Students at the University of Missouri, University of Michigan, University of California Los Angeles, Yale University, Ithaca College and many others have reawakened the sleeping public from the myth of post-racial America, a fictitious world in which all races are seen and treated equally and racism is swiftly and justly handled, especially on university campuses where students come together for the sole purpose of learning and bettering themselves to better society.
This is, of course, a fantasyland, as these students continue to remind us.
A rash of protests have broken out across these campuses and try as the GOP might to sweep away the protests and the events leading up to them, these students’ cries out against injustice and the systemic racism they’ve encountered will not be ignored or going away anytime soon.
Though the protests have sprung up within the past few weeks and may seem to have been spurred by recent events (offensive Halloween party themes, the presence of swastikas on campus, lack of response from administration), every case of racially-driven protests circle around to the same point: this has been a long time coming and is long overdue.
The First Amendment protects freedom of speech and the right to peaceful assembly, among other things.
However, hate speech is an exception to this amendment and not subject to protection.
Students from all corners of the U.S. including Ithaca College in New York to UCLA to University of Michigan have demonstrated their solidarity with the much-publicized events at the University of Missouri and use this time as a platform to air out their own unique displays of racial intolerance.
Students at UCLA, for example, gathered and chanted “Black Bruins Matter” outside of Chancellor Gene Blocks’s office on Oct 8, after fraternity Sigma Pi Epsilon and sorority Alpha Pi held a racially charged “Kanye Western” Halloween party, where students were told to dress either as Kanye West or a member of the Kardashian family.
White students arrived wearing chains, sagging pants, form-fitting dresses with padded butts and in some cases, blackface.
Yale encountered a problem in the same vein as UCLA.
Yale’s Intercultural Affairs Committee sent a mass email to students asking them to be mindful of avoiding offensive Halloween costumes that had roots in cultural insensitivity.
A faculty member and administrator of a residential community within Yale,
Erika Christakis, sent an email to her students challenging the committee’s email. Christakis’s email expressed frustration with the university’s outreach on controlling what students choose to wear, her main point being that an academic setting should be one setting where offense at a costume should be set aside so an engaging conversation about what about the costume is offensive can transpire.
This was not well received by many students.
Hundreds signed an open letter disparaging her remarks, saying “To ask marginalized students to throw away their enjoyment of a holiday, in order to expend emotional, mental and physical energy to explain why something is offensive, is — offensive.”
The university that has generated the most press for its recent protests would have to be the University of Missouri.
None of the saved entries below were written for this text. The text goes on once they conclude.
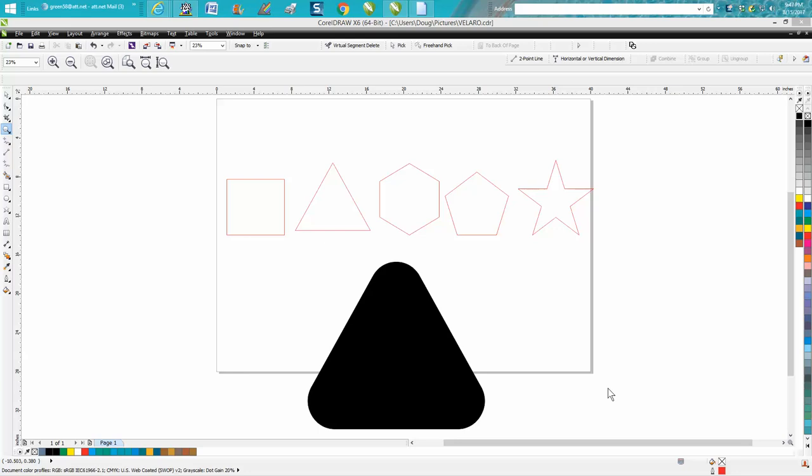Hi, it's me again with CorelDraw Tips and Tricks. Today's video is going to be about putting rounded corners on items that are not a square or rectangle.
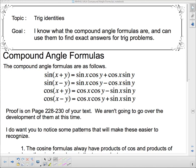Welcome back to our work with radian measure. We're going to start our work on trig identities today with the compound angle formulas. Our goal is: I know what the compound angle formulas are and I can use them to find the exact answers for trig problems.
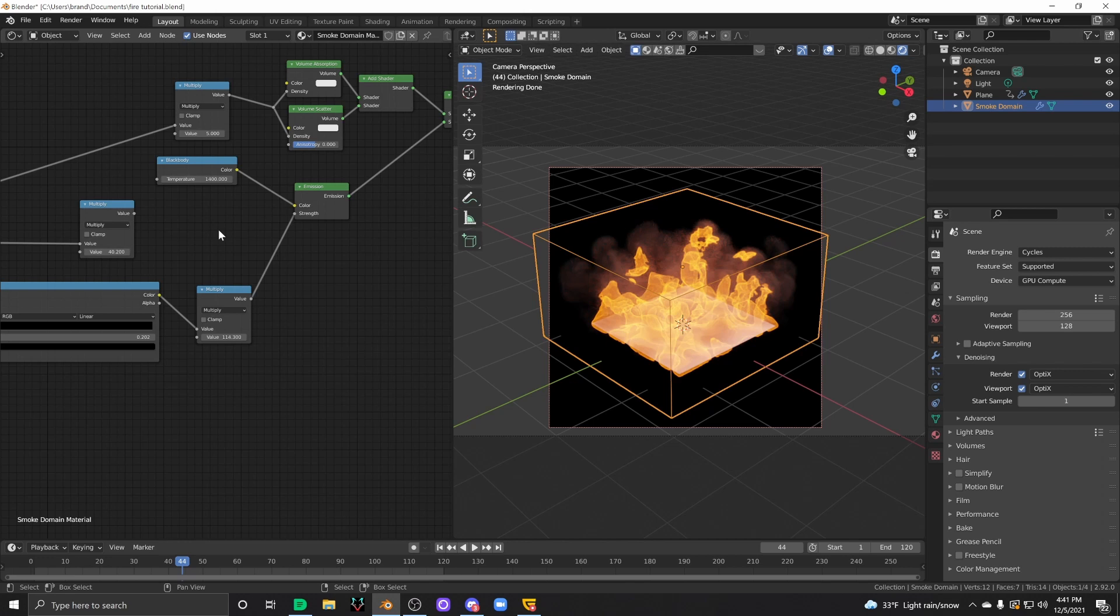I've been able to simulate fire that was 100% photorealistic. You could not tell the difference between a video of fire and a render of fire using Houdini.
The University of Missouri has had a long and documented history with racial tension on campus, most recently with the lack of action from their former president Tim Wolfe after students—including their student government association president—continuously expressed their feeling of lack of inclusion on campus and in the community reached a paramount resulting in his resignation on Nov. 9.
Blaming one person for a lack of change on the campus may seem short sighted.
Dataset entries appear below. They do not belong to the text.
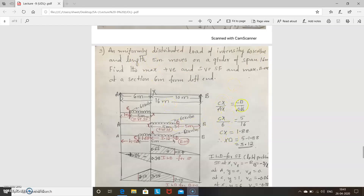Since the load is shorter than the span, first you have to find the distances cx and xt. For bending moment, the section divides the load in the same ratio as it divides the span. Using this relationship, cx works out to 1.88 meters. So since the total load length is 5 meters, the remaining distance xt is 5 minus 1.88, which gives 3.12 meters.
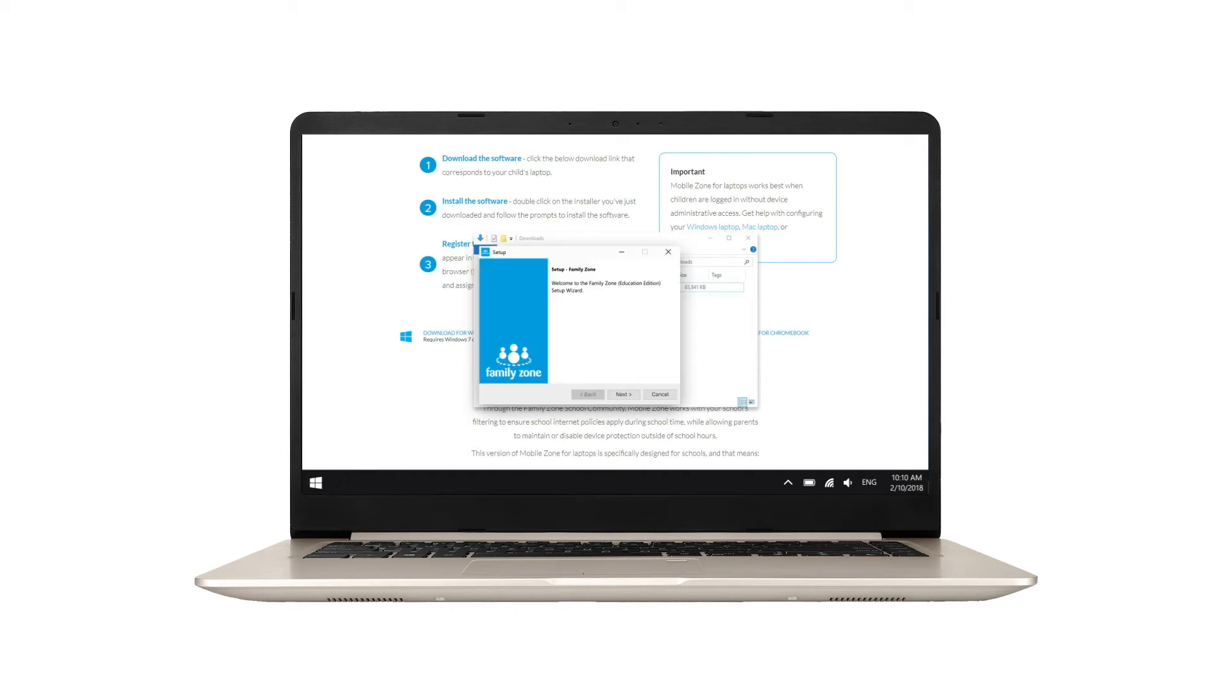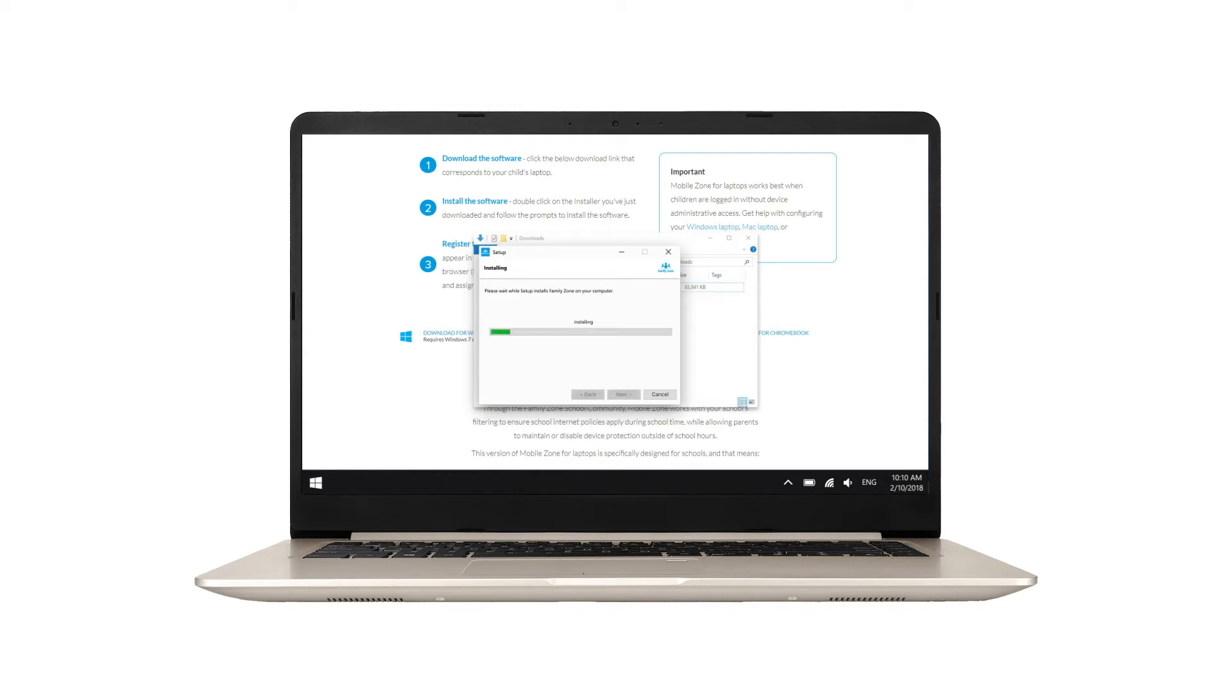Launch the installer and follow the prompts to complete the installation. You'll need the administrator password.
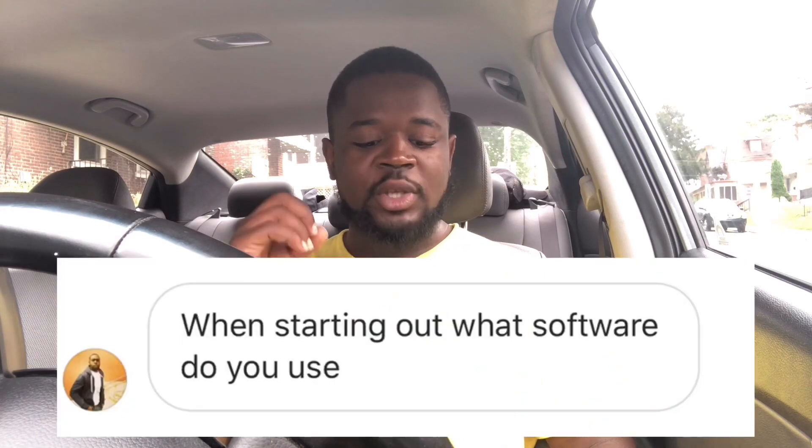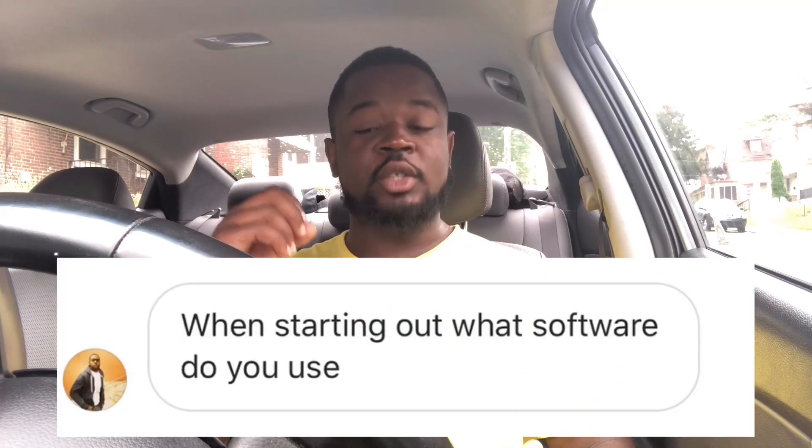This question came through on a live that I was doing on Instagram while I was working, and I thought it deserved to be a question of the day. It comes from Billy the Goat underscore seven over on Instagram, and the question is: when starting out, what software do you use? So if you want to hear my answer, stay tuned for right after this intro.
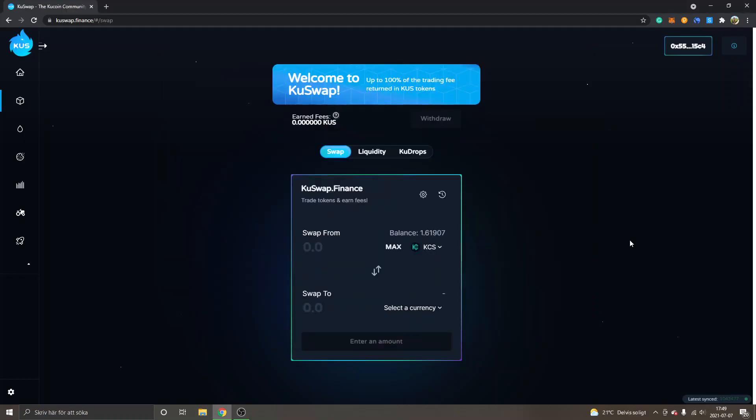Hey, welcome to this video. My name is Johannes, and in this video I'm going to give you a KuSwap tutorial - an AMM yield farm and launchpad on KuCoin Community Chain. If you're completely new to the KuCoin Community Chain, I have other tutorials which you can see on how to deposit the KuCoin token to the KCC mainnet.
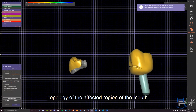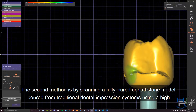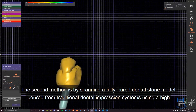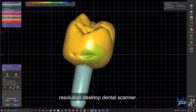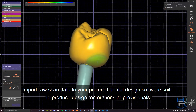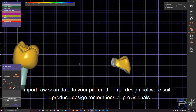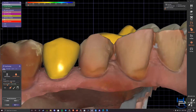The second method is by scanning a fully cured dental stone model poured from traditional dental impression systems using a high-resolution desktop dental scanner. Import raw scan data to your preferred dental design software suite to produce design restorations or provisionals.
After all, Wolfe isn’t responsible for the actions of every student, staff member or professor on campus.
On the other hand, Wolfe had many opportunities to generate a conversation about diversity and acceptance on campus and directly address students when they surrounded his car in protest on Oct. 10 during a homecoming event.
He stayed in his car.
It took the football team refusing to practice or play, jeopardizing the university losing $1 million according to Business Insider, and a graduate student going on a hunger strike, to get Wolfe to acknowledge his failings as a leader and step down.
In an ideal world, none of this would be happening.
Students at UCLA—one of the most revered universities in the U.S., would see beyond whatever ironic humor they found in hosting a “Kanye Western” themed Halloween party, Yale students wouldn’t need to be compelled to point out that their culture is not a costume and people of color would have equal representation in faculties and administrations.
That isn’t the world we live in, though, and to continue to believe so in the face of these monumental protests is to avert our eyes from a part of history unraveling right in front of us.